Promised Land Commercial Success - Terry (email@example.com)
How has Promised Land has been doing commercially? I see the I Am I
video fairly often on MuchMusic, but I was wondering how the album was
selling around the world. Do there seem to be many fewer fans than
Empire attracted, or is Queensryche's popularity continuing to
build? And while we're at it, is my Operation: Empire boxed set worth
a lot yet? :)
According to a weeks-old Billboard, Building Empires made it to
the #3 slot on the US charts, and also reached the top 10 in
Germany and the top 20 in Canada. I Am I hit #8 on the Album
Rock Tracks chart. Empire, of course, is triple-platinum now,
and was in the top 30 on the Catalog Albums (older albums
selling well) chart. -sh
Promised Land Comments - Jason (firstname.lastname@example.org)
I feel Promised Land is definitely one of Queensryche's best works to
date. Never have they written something that has spoken directly to
me, as this does.
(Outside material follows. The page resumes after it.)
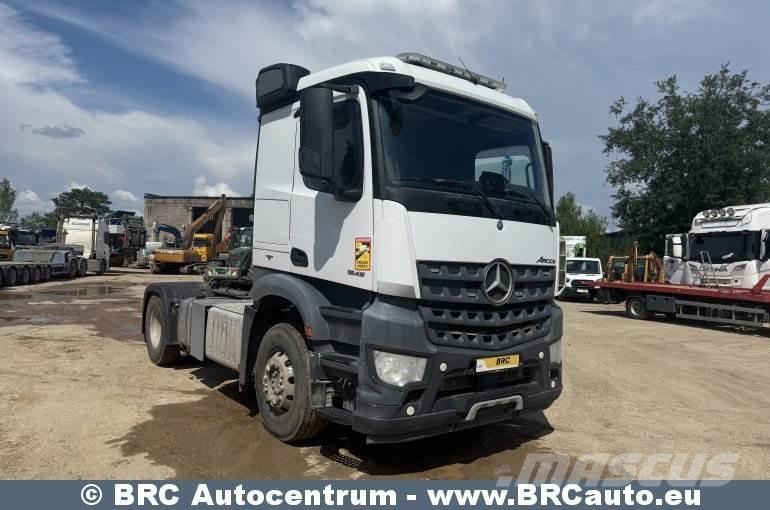 Mercedes-Benz Arocs Tahače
In my opinion, Bridge is amazing - it's definitely
an experience to see feelings that I've felt for so long show up on an
album from my favorite band. I don't quite know how to express it, to
actually "connect" with someone who before I have only seen as above
and beyond me.
I also love the feelings expressed by the band in the title track,
about what it is, and takes, to "make it," especially the line,
"Somewhere along the way, friends I once held close fled the fast
lane. I didn't notice, I just had to make it." I've been singing for a
band now for about five years and when I heard this it made me look
back and see for the first time friends that I had made and lost in
the drive for that "perfect" gig, the one thing to set us apart from
all the rest. It hurt, kind of, to see that I was so callous to these
people because of an obsession. I hope there is someone out there who
Also with this album, Queensryche reached a new musical level. I agree
that the album is set with a much darker mood, but that usually
happens when one is soul-searching. I don't, however, agree that it is
in any way similar to Rage - this is far beyond Rage, maybe not
musically, but definitely in meaning.
Anyway, to make a long story short, which I have already failed to do,
I love this album, literally. It was well worth the very long wait to
get, as it definitely renewed my dwindling faith in my favorite band.
Japanese Article Translation? - Diana (email@example.com)
Does anyone out there translate Japanese? I bought the latest issue of
the Japanese Burrn magazine, with Geoff and Chris on the cover and
what seems to be a great 8 page interview, but I can't read it!
Roads to Madness - Tours & Shows
European Tour - Michael (firstname.lastname@example.org)
Personally I'm very happy with the European tour dates - I get to see
the second date in Belfast!
European Tour - Pekka (email@example.com)
I saw the tour dates in the digest, but I hope they aren't final. If
the list is final that means that they aren't coming to Finland.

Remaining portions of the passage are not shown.